Accurate and robust 3D object detection is essential for autonomous driving, where fusing data from sensors like LiDAR and camera enhances detection accuracy. However, sensor malfunctions such as corruption or disconnection can degrade performance, and existing fusion models often struggle to maintain reliability when one modality fails. To address this, we propose ReliFusion, a novel LiDAR-camera fusion framework operating in the bird's-eye view (BEV) space.

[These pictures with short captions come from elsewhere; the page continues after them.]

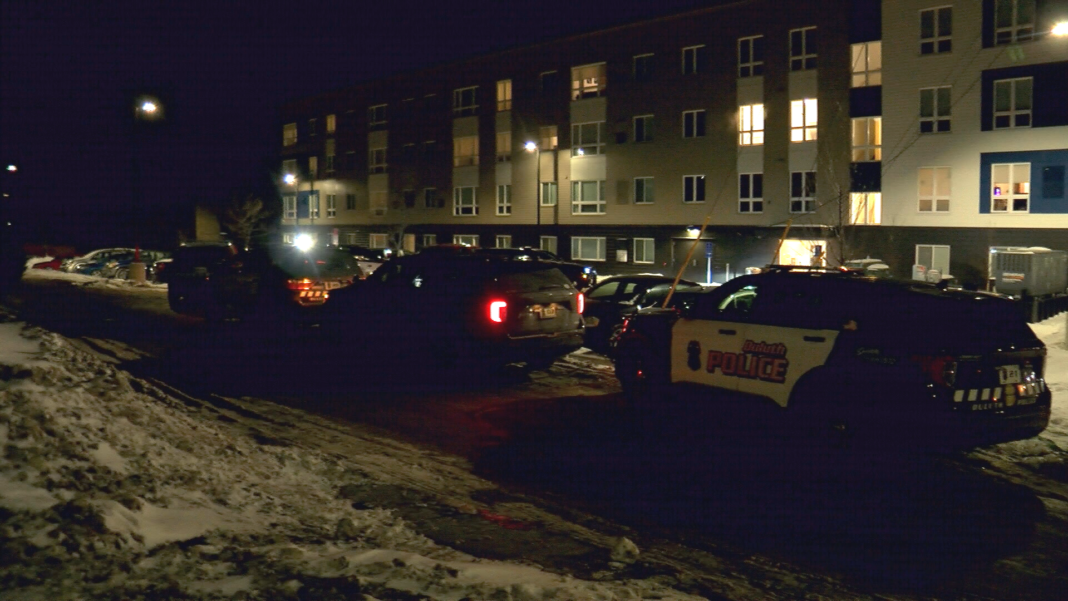 Man Stabbed in Chest at East Hillside Apartment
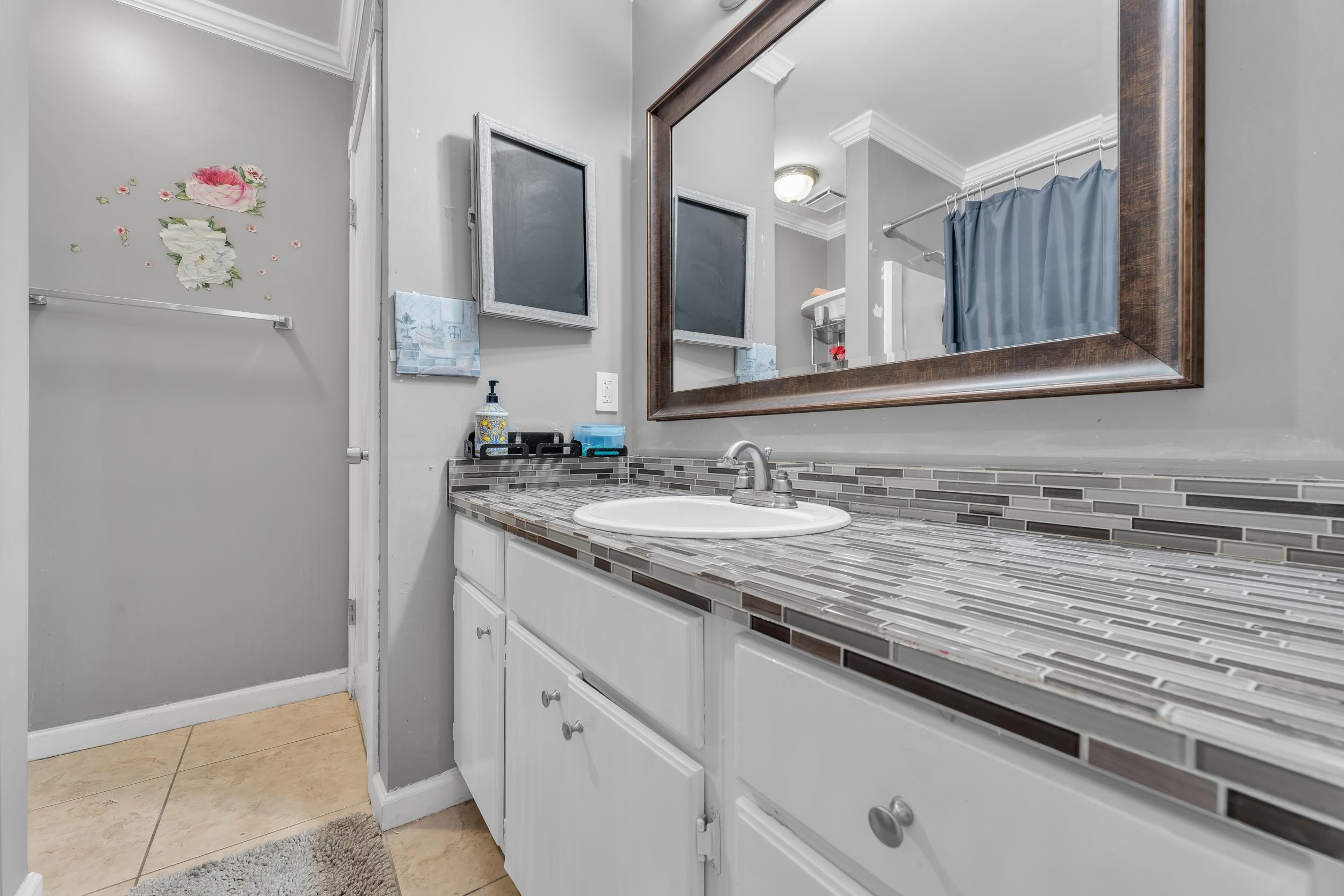 130 Chatam Loop Daphne, AL 36526 - Photo 17 of 26 Bathroom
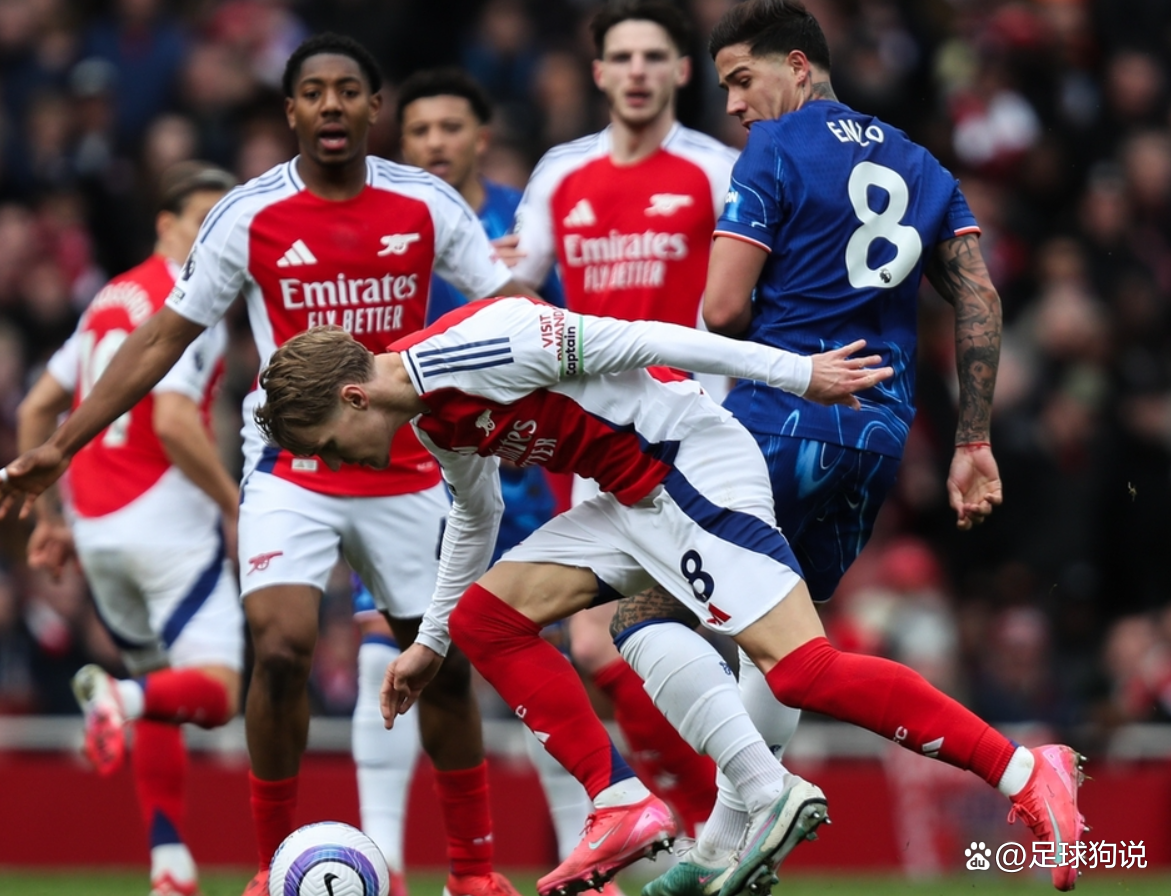 阿森纳险胜塞维利亚，马丁内利点燃赛场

ReliFusion integrates three key components: the Spatio-Temporal Feature Aggregation (STFA) module, which captures dependencies across frames to stabilize predictions over time; the Reliability module, which assigns confidence scores to quantify the dependability of each modality under challenging conditions; and the Confidence-Weighted Mutual Cross-Attention (CW-MCA) module, which dynamically balances information from LiDAR and camera modalities based on these confidence scores. Experiments on the nuScenes dataset show that ReliFusion significantly outperforms state-of-the-art methods, achieving superior robustness and accuracy in scenarios with limited LiDAR fields of view and severe sensor malfunctions.

Paper Structure

This paper contains 24 sections, 16 equations, 3 figures, 6 tables.

Figures (3)

  • Figure 1: Illustration of ReliFusion's approach compared to previous methods. (a) Traditional methods rely on fixed fusion mechanisms, struggling under sensor malfunctions. (b) ReliFusion introduces a Reliability Module, incorporating contrastive and confidence modules, to assign confidence scores for LiDAR ($C_{\text{LiDAR}}$) and camera ($C_{\text{Camera}}$). These scores enable dynamic balancing of LiDAR and camera contributions within the fusion module, achieving robust and accurate 3D object detection even under challenging conditions.
  • Figure 2: The overal architecture of ReliFusion.
  • Figure 3: Qualitative detection results of BEVFusion and ReliFusion under LiDAR malfunctions scenarios. Clearly, BEVFusion struggles when LiDAR input is unavailable, whereas ReliFusion relies on camera to compensate and detect these objects. Green and Orange bounding boxes are true positive detection and ground truth, respectively.